Pictures with short captions
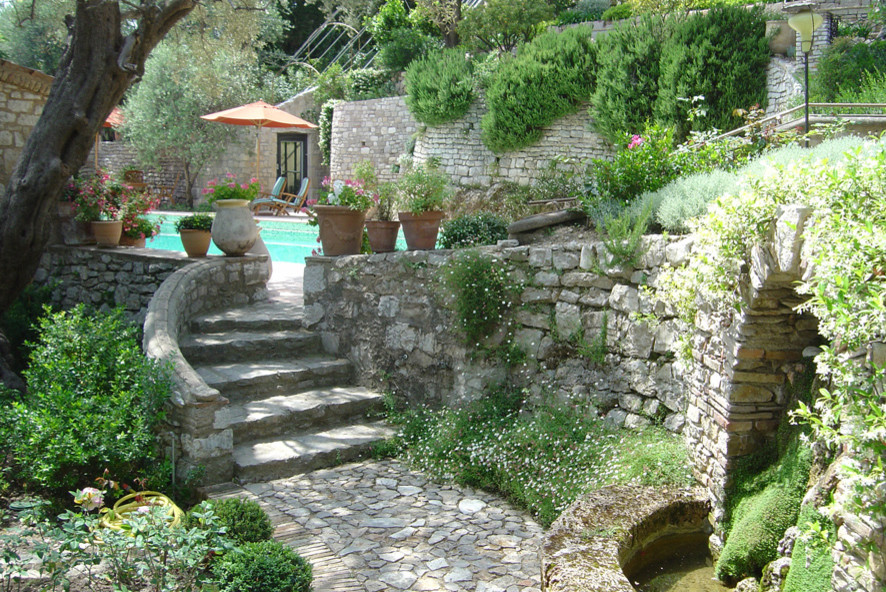 ニースにある地中海スタイルのおしゃれな庭の写真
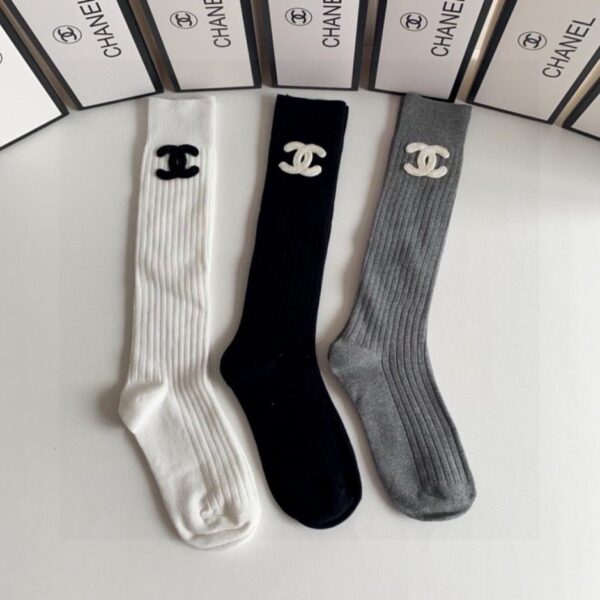 replica,schuhe,beste,kaufen,1:1,besten,seiten,Replik,turnschuhe,sneakers Die neuen luxuriösen Kniestrümpfe von Chanel sind ab sofort erhältlich, zwei Paar pro Packung (HWHJH).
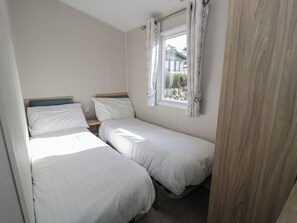 3 bedrooms, individually decorated, individually furnished, free WiFi - Gold Caravan (Talybont)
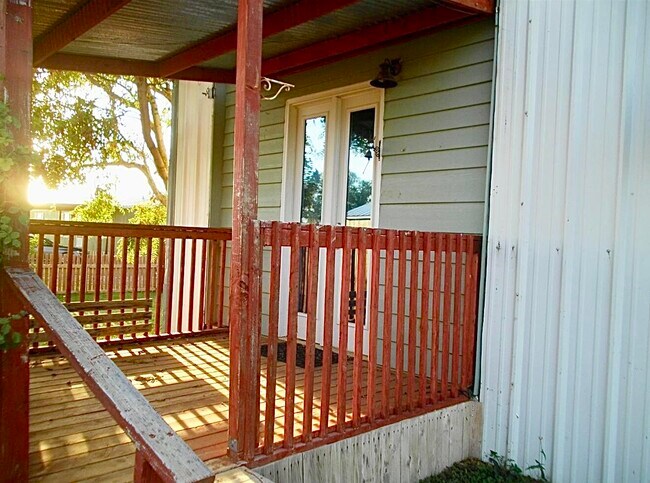 Building Photo - 8707 Private Rd 7355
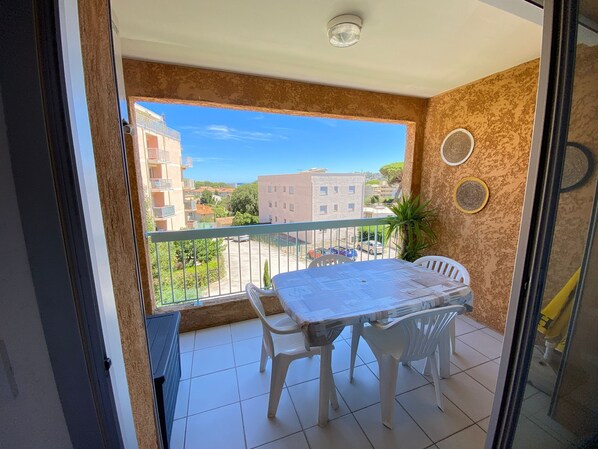 Dining - 1 Bedroom Apartment in Cavalaire-sur-Mer (Cavalaire-sur-Mer)
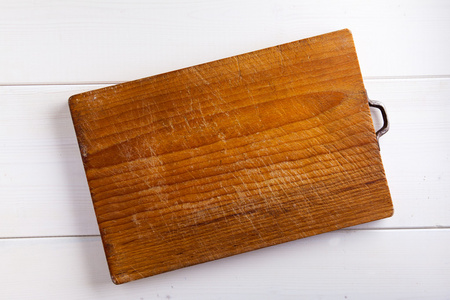 木材白色背景上的切菜板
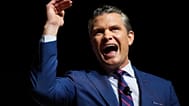 Pete Hegseth amerikai védelmi miniszter beszél a kövér katonákról a Pentagon quanticói értekezletén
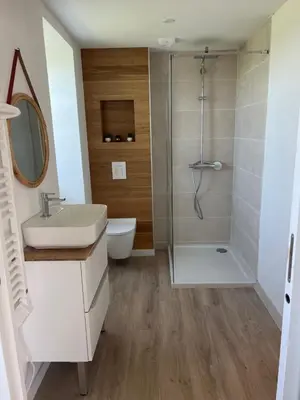 Salle de bains dans l'établissement TY MEIN gîte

**Task prompt**: Could the lines above be copied out exactly, with no image carried over?

**Written answer**:
 ニースにある地中海スタイルのおしゃれな庭の写真
 replica,schuhe,beste,kaufen,1:1,besten,seiten,Replik,turnschuhe,sneakers Die neuen luxuriösen Kniestrümpfe von Chanel sind ab sofort erhältlich, zwei Paar pro Packung (HWHJH).
 3 bedrooms, individually decorated, individually furnished, free WiFi - Gold Caravan (Talybont)
 Building Photo - 8707 Private Rd 7355
 Dining - 1 Bedroom Apartment in Cavalaire-sur-Mer (Cavalaire-sur-Mer)
 木材白色背景上的切菜板
 Pete Hegseth amerikai védelmi miniszter beszél a kövér katonákról a Pentagon quanticói értekezletén
 Salle de bains dans l'établissement TY MEIN gîte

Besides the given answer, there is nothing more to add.